*** Records supplied ***

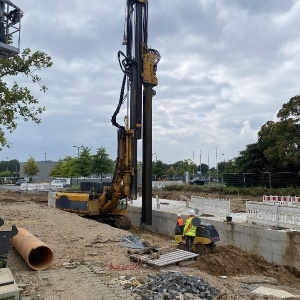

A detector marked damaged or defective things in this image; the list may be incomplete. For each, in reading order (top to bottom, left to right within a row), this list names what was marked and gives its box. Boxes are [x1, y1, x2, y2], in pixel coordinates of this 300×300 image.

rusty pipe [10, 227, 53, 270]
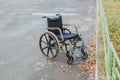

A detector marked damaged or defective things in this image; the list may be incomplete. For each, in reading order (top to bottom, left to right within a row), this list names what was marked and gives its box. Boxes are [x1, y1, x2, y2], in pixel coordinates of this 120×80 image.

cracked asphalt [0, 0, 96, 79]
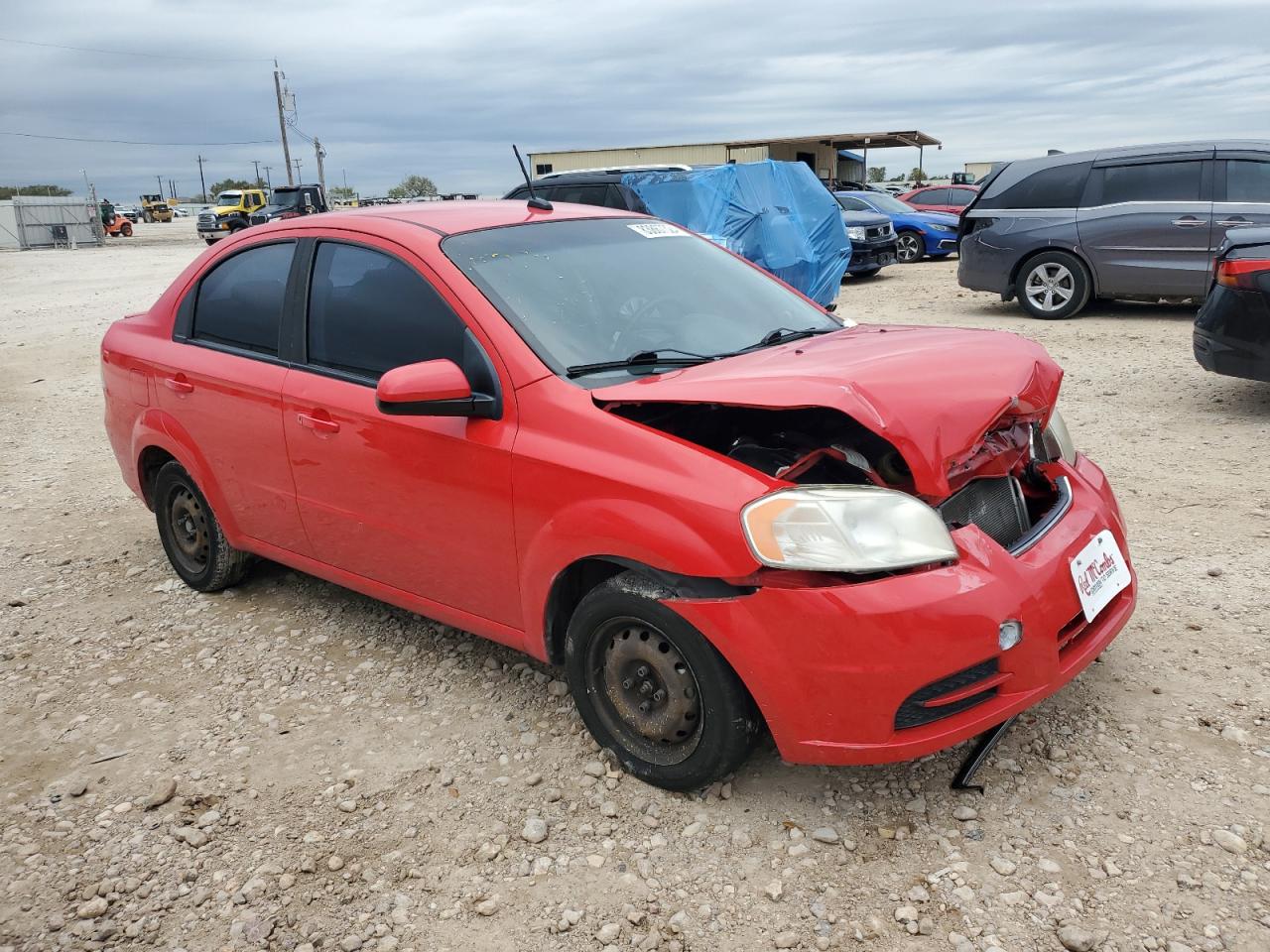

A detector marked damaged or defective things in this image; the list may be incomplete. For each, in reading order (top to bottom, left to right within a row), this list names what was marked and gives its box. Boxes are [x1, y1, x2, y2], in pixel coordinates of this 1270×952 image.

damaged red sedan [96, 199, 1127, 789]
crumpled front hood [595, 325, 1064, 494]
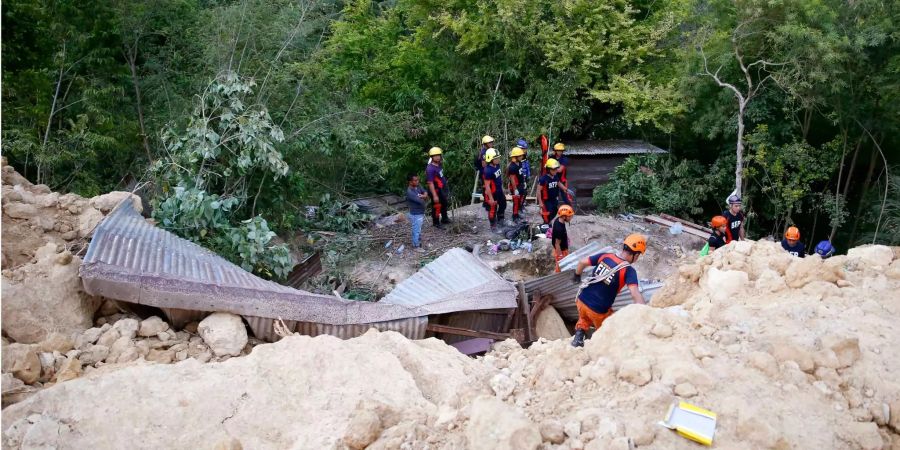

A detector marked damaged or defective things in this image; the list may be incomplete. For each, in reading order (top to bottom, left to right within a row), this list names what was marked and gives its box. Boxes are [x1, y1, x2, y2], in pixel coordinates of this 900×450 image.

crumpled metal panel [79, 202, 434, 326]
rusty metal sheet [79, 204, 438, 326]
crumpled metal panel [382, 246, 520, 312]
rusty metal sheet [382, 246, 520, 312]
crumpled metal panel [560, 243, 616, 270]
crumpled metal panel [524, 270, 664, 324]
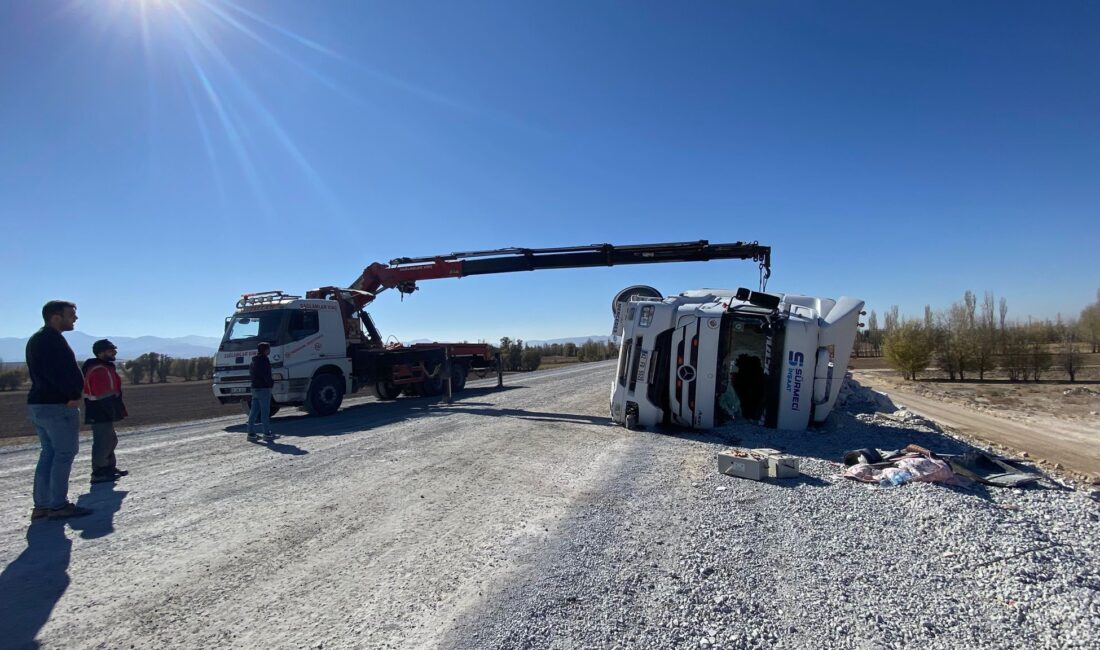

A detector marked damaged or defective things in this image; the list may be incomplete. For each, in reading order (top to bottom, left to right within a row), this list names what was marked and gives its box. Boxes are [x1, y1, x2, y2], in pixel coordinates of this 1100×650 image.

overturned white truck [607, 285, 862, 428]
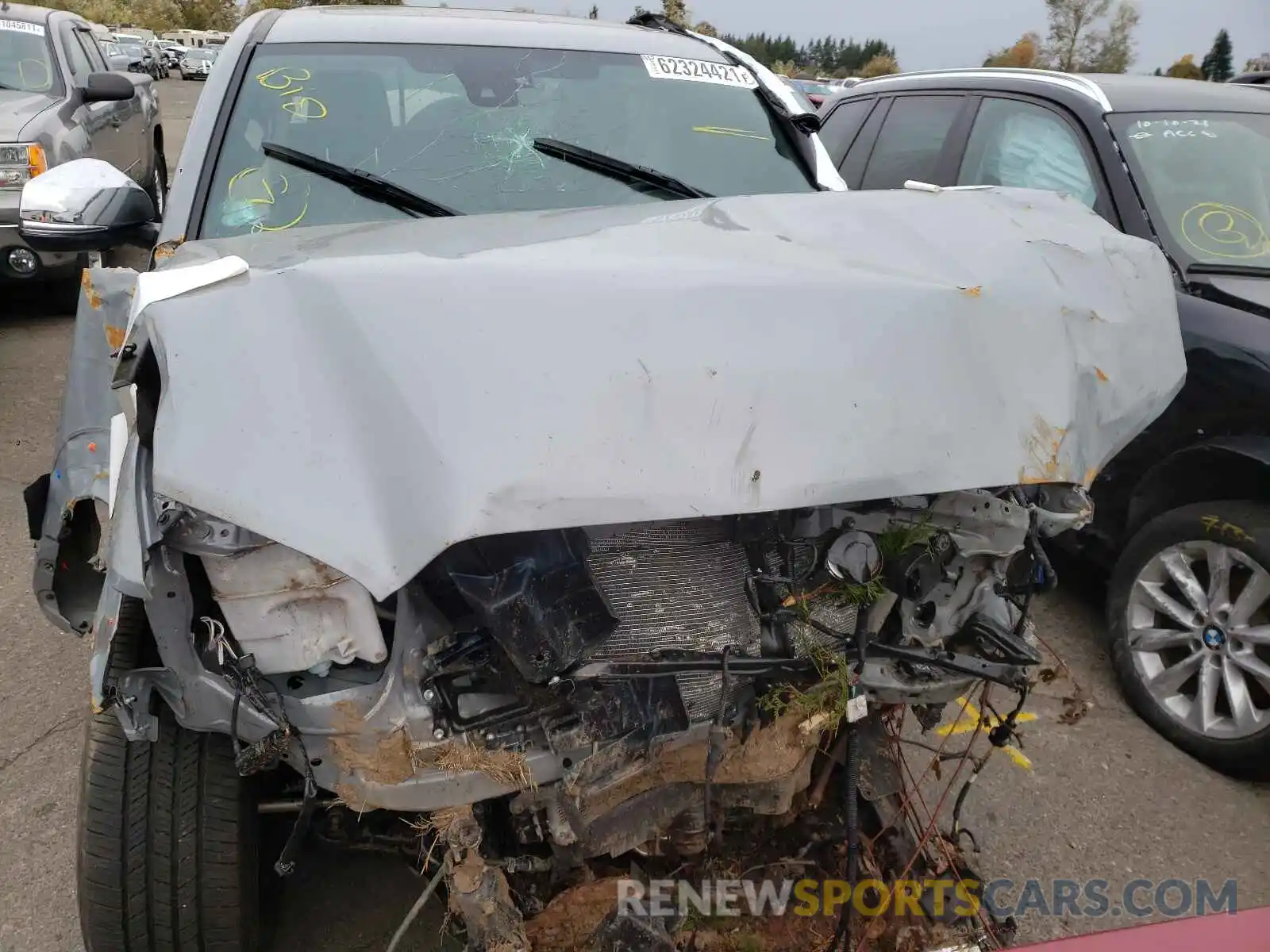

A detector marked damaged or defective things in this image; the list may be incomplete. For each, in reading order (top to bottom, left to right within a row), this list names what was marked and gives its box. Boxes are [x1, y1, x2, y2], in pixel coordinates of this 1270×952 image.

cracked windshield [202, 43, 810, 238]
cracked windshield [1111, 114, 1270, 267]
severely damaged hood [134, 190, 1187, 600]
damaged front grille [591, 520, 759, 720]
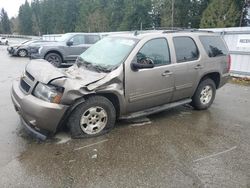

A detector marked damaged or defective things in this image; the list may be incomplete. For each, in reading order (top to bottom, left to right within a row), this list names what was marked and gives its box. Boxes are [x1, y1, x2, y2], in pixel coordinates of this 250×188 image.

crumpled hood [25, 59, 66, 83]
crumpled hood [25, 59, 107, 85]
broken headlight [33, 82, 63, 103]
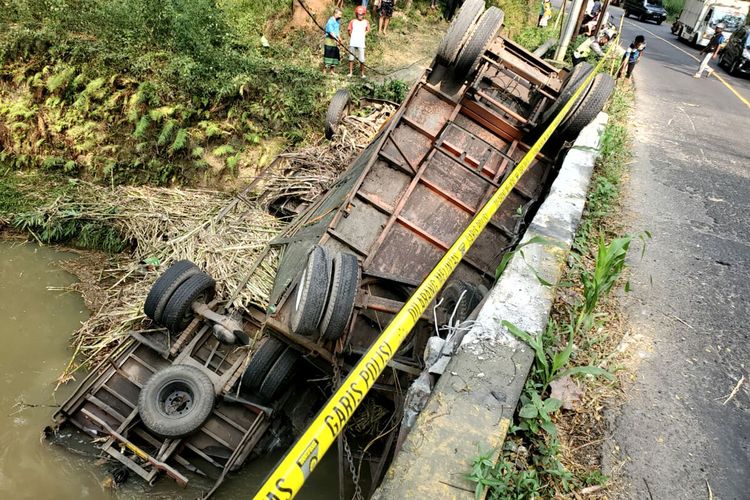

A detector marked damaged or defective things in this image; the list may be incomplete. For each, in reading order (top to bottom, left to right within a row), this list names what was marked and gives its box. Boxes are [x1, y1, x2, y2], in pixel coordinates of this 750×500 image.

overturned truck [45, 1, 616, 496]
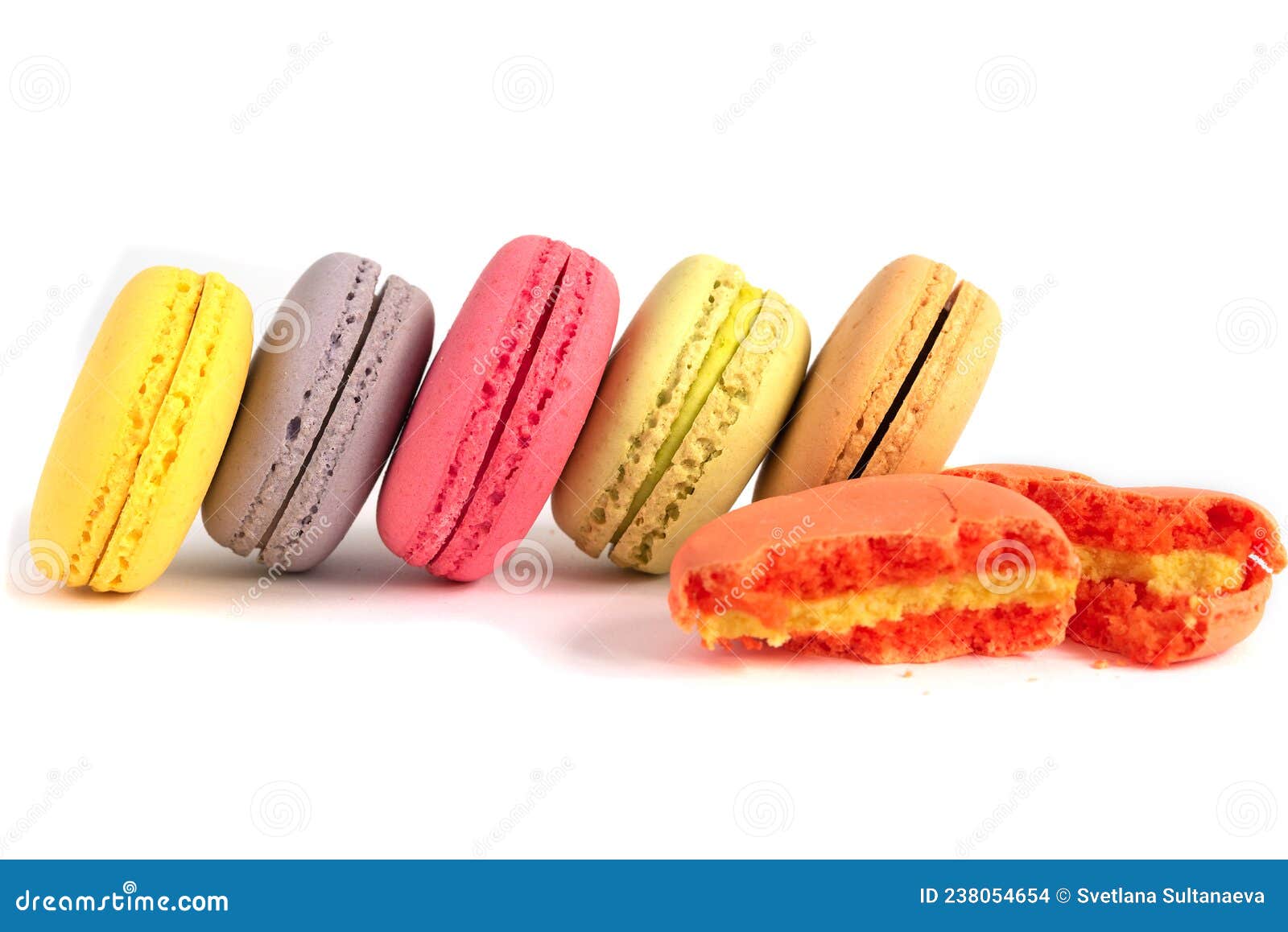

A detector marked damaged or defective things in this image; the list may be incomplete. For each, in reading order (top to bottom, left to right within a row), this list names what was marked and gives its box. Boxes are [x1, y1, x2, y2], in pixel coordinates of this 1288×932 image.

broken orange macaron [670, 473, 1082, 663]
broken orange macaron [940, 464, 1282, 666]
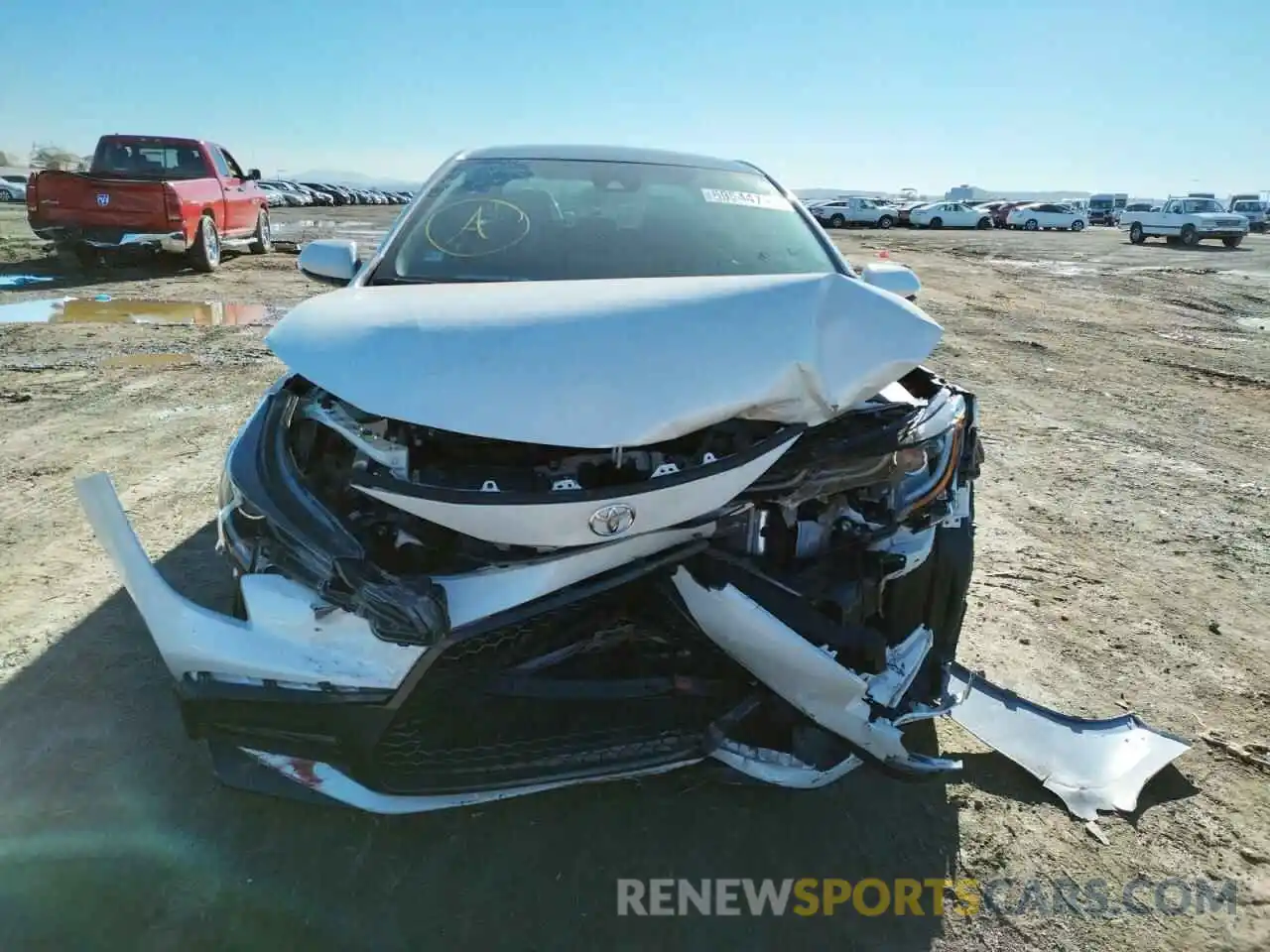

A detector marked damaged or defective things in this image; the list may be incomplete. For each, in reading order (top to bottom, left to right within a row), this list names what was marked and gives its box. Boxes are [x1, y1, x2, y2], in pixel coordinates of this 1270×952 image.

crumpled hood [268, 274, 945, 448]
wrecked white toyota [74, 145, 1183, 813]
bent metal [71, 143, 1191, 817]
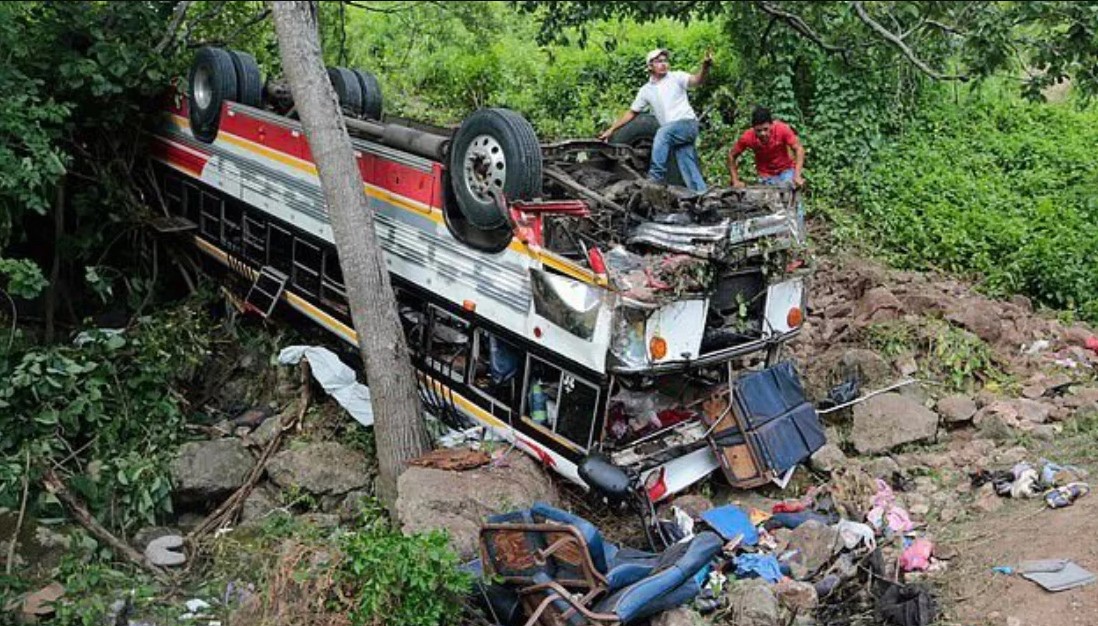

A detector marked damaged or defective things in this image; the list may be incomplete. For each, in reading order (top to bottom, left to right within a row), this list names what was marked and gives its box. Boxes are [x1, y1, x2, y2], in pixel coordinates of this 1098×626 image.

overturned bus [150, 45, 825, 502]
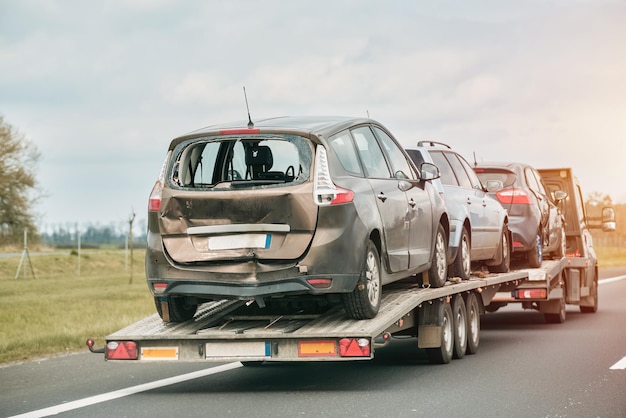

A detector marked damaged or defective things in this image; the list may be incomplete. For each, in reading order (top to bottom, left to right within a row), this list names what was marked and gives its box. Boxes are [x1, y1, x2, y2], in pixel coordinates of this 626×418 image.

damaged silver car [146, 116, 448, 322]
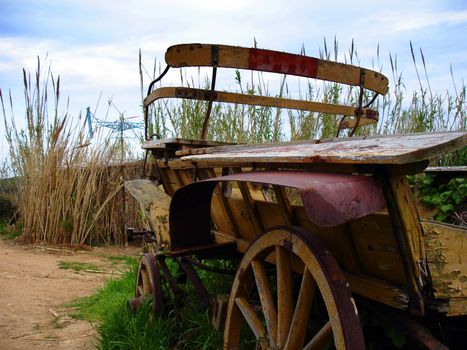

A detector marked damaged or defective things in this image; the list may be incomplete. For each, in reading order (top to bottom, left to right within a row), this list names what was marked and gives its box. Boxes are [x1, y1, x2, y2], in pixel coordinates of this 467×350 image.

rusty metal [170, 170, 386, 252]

***

__Required work__
Your answer must be an exact reproduction of all entries, containing no pictures.

__Your solution__
A detector marked damaged or defective things in this image; the list may be incomplete. For each, in reading order (top to bottom, left to right within a row), this list names what was marked and gives its box. Boxes are [x1, y1, x2, y2], in pixel coordinates of this 300×300 image.

rusty pipe [10, 227, 53, 270]

A detector marked damaged or defective things in this image; the list may be incomplete. For each, in reading order (top to bottom, left to right within a row), this list names what was marked and gives its box. Boxes are [x1, y1, x2, y2], in pixel coordinates of this 120×80 image.

cracked asphalt [0, 0, 96, 79]

A detector marked damaged or defective things in this image; the list may be incomplete. For each, in reading order (top to bottom, left to right within a row), this list names what was marked and gives its box. Boxes are [x1, y1, x2, y2], in pixel coordinates of this 1270×952 image.

damaged red sedan [96, 199, 1127, 789]
crumpled front hood [595, 325, 1064, 494]

A detector marked damaged or defective things in this image; the list may be incomplete. For each, in reading order (top to bottom, left to right within a row), this list names what was marked and gives its box. Boxes are [x1, y1, x2, y2], in pixel coordinates of this 900×450 image.

crumpled metal panel [79, 202, 434, 326]
rusty metal sheet [79, 204, 438, 326]
crumpled metal panel [382, 246, 520, 312]
rusty metal sheet [382, 246, 520, 312]
crumpled metal panel [560, 243, 616, 270]
crumpled metal panel [524, 270, 664, 324]

A detector marked damaged or defective things in this image; the list may be incomplete. For each, in reading order (top to bottom, left to right within a row), this list names what was marked and gives its box. Boxes are [x1, y1, x2, y2], in pixel coordinates of this 1100×650 image.

overturned white truck [607, 285, 862, 428]

A detector marked damaged or defective things in this image; the list may be incomplete. For each, in reading order (top to bottom, left to right within a row), this list names what was marked and gives its box. Boxes are [x1, y1, x2, y2], in pixel coordinates of this 1270×952 image.

cracked windshield [202, 43, 810, 238]
cracked windshield [1111, 114, 1270, 267]
severely damaged hood [134, 190, 1187, 600]
damaged front grille [591, 520, 759, 720]

A detector marked damaged or defective things in this image; the list may be incomplete. For each, in reading order (top to bottom, left to right within a row), this list names what was marked and gives its box. Boxes are [x1, y1, x2, y2], in pixel coordinates of this 250×188 image.

crumpled hood [25, 59, 66, 83]
crumpled hood [25, 59, 107, 85]
broken headlight [33, 82, 63, 103]

A detector marked damaged or defective things in this image; the list may be incomplete. For each, in reading order (top to bottom, left to right within a row), this list names what was marked and gives its box. Boxes are [x1, y1, x2, y2], in pixel coordinates of this 750×500 image.

overturned truck [45, 1, 616, 496]

A detector marked damaged or defective things in this image; the list may be incomplete. For each, in reading order (top to bottom, left to right within a row), this list names what was marked and gives its box. Boxes are [x1, y1, x2, y2], in pixel coordinates of this 1288×932 image.

broken orange macaron [670, 473, 1082, 663]
broken orange macaron [940, 464, 1282, 666]

A detector marked damaged or defective things in this image; the list may be incomplete. For each, in reading order (top to bottom, left to right within a row), this list names what was marked and gives its box. Boxes are [x1, y1, x2, y2], in pixel coordinates of this 1270×952 image.

crumpled hood [268, 274, 945, 448]
wrecked white toyota [74, 145, 1183, 813]
bent metal [71, 143, 1191, 817]

A detector marked damaged or defective things in this image; the list may be incomplete. For each, in reading order (top to bottom, left to right within a row), this list names what was marked and gives its box. Boxes are [x1, y1, x2, y2], in pixel coordinates of this 1098×626 image.

overturned bus [150, 45, 825, 502]

A detector marked damaged or defective things in this image; the list may be incomplete. For each, in reading order (top to bottom, left to right within a row), this list names what was marked and gives its box. Boxes are [x1, y1, x2, y2], in pixel coordinates of this 626×418 image.

damaged silver car [146, 116, 448, 322]

A detector marked damaged or defective things in this image; the list may be incomplete. For each, in reading order (top to bottom, left to right within a row), this list names what was marked and gives its box. Boxes are [x1, y1, x2, y2], in pixel coordinates of this 467×350 image.

rusty metal [170, 170, 386, 252]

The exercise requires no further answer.